OpenTreeOfLife / germinator

miscellaneous scripts and data for concerns that span more than one of the Open Tree code repositories: integration tests, system statistics, etc.
BSD 2-Clause "Simplified" License
21 stars 7 forks source link

Feedback issues could contain markup for machine readable tests #150

Open jar398 opened 4 years ago

jar398 commented 4 years ago

Just some idle thoughts after pondering @hyanwong's avalanche of feedback issues:

I've been thinking about this kind of thing for a while.

If a feedback issue says something is wrong in the tree, it would be nice if the submitter could provide a concise statement that is not true now but would become true if the complaint were addressed.

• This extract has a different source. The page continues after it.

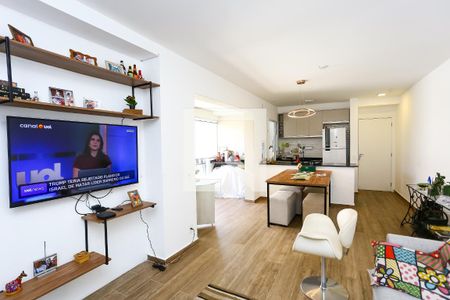 Sala de apartamento à venda com 3 quartos, 76m² em Vila Suzana, São Paulo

E.g. if the issue says taxon A is misplaced, the markup could be a triple ((A,B),C) - "A should be closer to B than it is to C". Similarly for other highly structurable issues, e.g. false positive / false negative extinctness or synonymies and so on.

For triage one could simply sample all submitted issues so far to see which categories are most highly represented.

I don't know if we're talking about some kind of UI - that seems like overkill - or just special markup that users can manually enter in the issues (or their replies), that a script could then pick up by scanning the issue text (a scan of all issues - and maybe issue comments? - would not be that hard to do - look for regular expressions). And they could be made actionable, either when the taxonomy is constructed or when the big tree is constructed or (ideally) both. Maybe a bot could even submit new issue comments when an issue changes state from broken to fixed or vice versa.

jimallman commented 4 years ago

I really like this idea. As you point out, any testable assertions need to be in a form that is easy to use and easy to "proofread", so that we avoid miscommunication. Hmmm.

hyanwong commented 4 years ago

Yes! This would be a great way to implement testing of known problems. Special markup seems a good plan. It would be worth looking through the taxonomy issues to see what sort of issue tend to be reported, and therefore what assertion syntax would work.

It would also be useful to know if the issue is due e.g. to a particular upstream provider. I'm not sure how we could tell this, though.